Billy Morgan

Personal information
- Full name: William Henry Morgan
- Date of birth: 1878
- Place of birth: Barrow in Furness, England
- Date of death: 1939 (aged 60–61)
- Place of death: Manchester, England
- Height: 5 ft 10 in (1.78 m)
- Position: Half back

Senior career*
- Years: Team / Apps / (Gls)
- Horwich
- 1897–1903: Newton Heath / 143 / (6)
- 1903: Bolton Wanderers / 3 / (0)
- Watford
- 1904–1906: Leicester Fosse / 66 / (9)
- New Brompton
- Newton Heath Athletic
- 1910-1911: Ton Pentre F.C.

= Billy Morgan (footballer, born 1878) =

English footballer

William Henry Morgan (1878–1939) was an English footballer who played as a half back.

Born in Barrow in Furness, Lancashire, the son of John Morgan and Mary (Lewis), he began his football career with Horwich F.C. In January 1897, he was sold to Newton Heath, making his debut appearance against Darwen on 2 March 1897. He was one of the team during the first season after Newton Heath became Manchester United.

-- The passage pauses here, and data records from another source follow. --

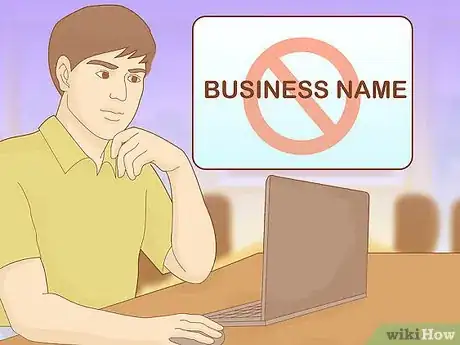 Image titled Cancel Your Business Name Step 8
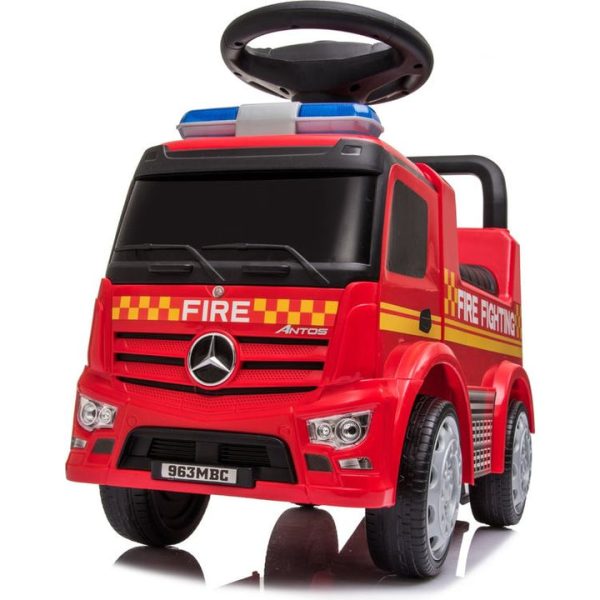 freddo-outdoor-mercedes-benz-antos-foot-to-floor-fire-truck-ride-on-31762603737175_720x-5 freddo-outdoor-mercedes-benz-antos-foot-to-floor-fire-truck-ride-on-31762603737175_720x-5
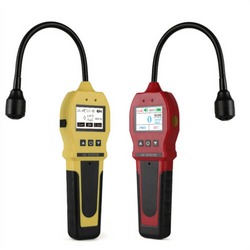 Bosean BTY-S100 Gas Leak Detector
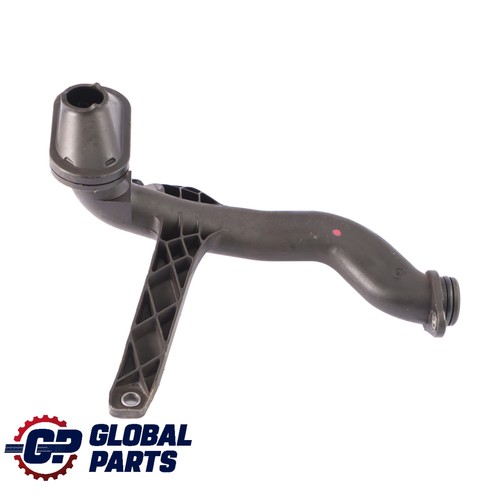 Oil sump mercedes w204 - oil,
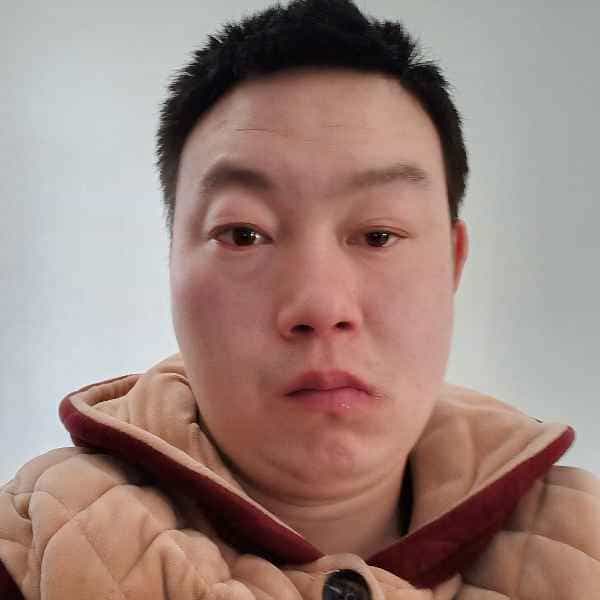 34岁岁安徽单身帅哥 - 达州吉缘网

During his time with the club, he made 152 appearances (all in Division 2) and scored seven goals (six in Division 2 games, one in an FA Cup match).

He transferred to join Bolton Wanderers in March 1903 and went on to play for Watford, Leicester Fosse, New Brompton and Newton Heath Athletic. On 22 Oct 1910 he made his debut for Ton Pentre F.C. in South Wales and is featured in a number of newspaper articles. It appears he played for one season.

By the time he joined up for the First World War (being assigned to the 20th Service Battalion, Manchester Regiment), Morgan was working as a cleaner but the fact that he still enjoyed his football is clear from the notes in his army pension records when he was discharged in February 1915 as being "[unlikely] to become an efficient soldier". The reason given was that he had "an old football injury [and had been injured] once again last Saturday the 28th (February) playing football."

Morgan married Mary Alice Barnett in 1900 and the couple had two sons and a daughter, all born in Newton Heath, Manchester. He died in Manchester on 5 June 1939, at the age of 61. His wife died in 1954 aged 77 years.